2. Entitlement to Depreciation on Increased Rupee Cost:

The assessee had purchased ships from foreign suppliers by raising loans in foreign currencies, repayable by instalments. Due to fluctuations in the exchange rate, the liability in terms of Indian rupees increased, and the assessee claimed depreciation on this increased liability.

The Commissioner rejected the claim, arguing that the increase in liability due to exchange rate fluctuations did not enhance the value of the asset for depreciation purposes. He allowed the claim only for the instalments payable during the year of account. The Tribunal examined the provisions of section 43A of the Act, which allows for adjustments in the actual cost of an asset due to changes in exchange rates after acquisition. The Tribunal found that the assessee's claim fell within the terms of section 43A, as there was an increase in liability due to exchange rate fluctuations after the acquisition of the ships.

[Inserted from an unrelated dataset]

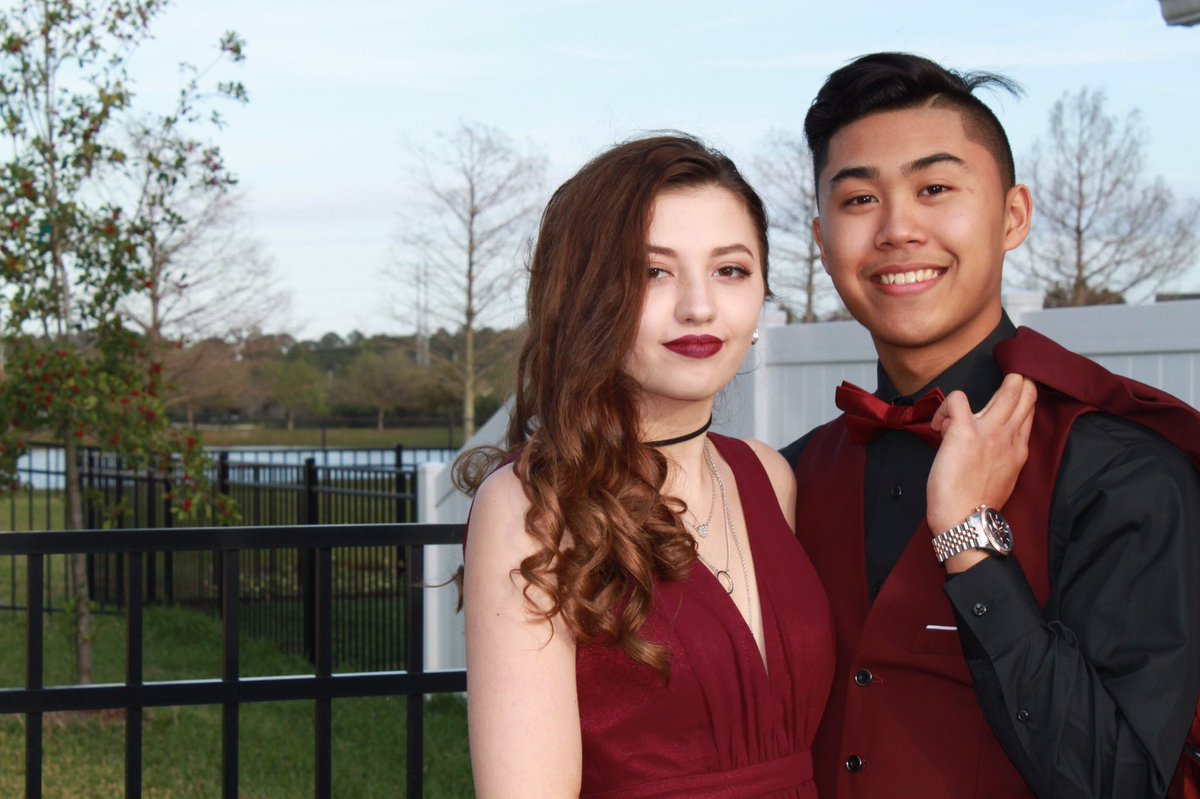 Drei621's tweet photo. oh gah damn 🔥 #Prom2k17 https://t.co/RLJVDQmHq2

The Tribunal noted that the assessee followed the mercantile system of accounting, which required accounting for all accrued liabilities, including those due to exchange rate fluctuations. The Commissioner's approach of limiting the claim to instalments payable during the year was found unjustified, as it ignored the full accrued liability.

The Tribunal also addressed the departmental representative's contention that the method of accounting was irrelevant for determining the actual cost of the asset. The Tribunal dismissed this argument, stating that the accrued liability, as per the mercantile system, represented the actual cost of the asset.

In conclusion, the Tribunal found that the assessee was entitled to claim depreciation on the increased liability of Rs. 68,88,221, and set aside the Commissioner's order, restoring the ITO's original assessment. The assessee's appeal was allowed.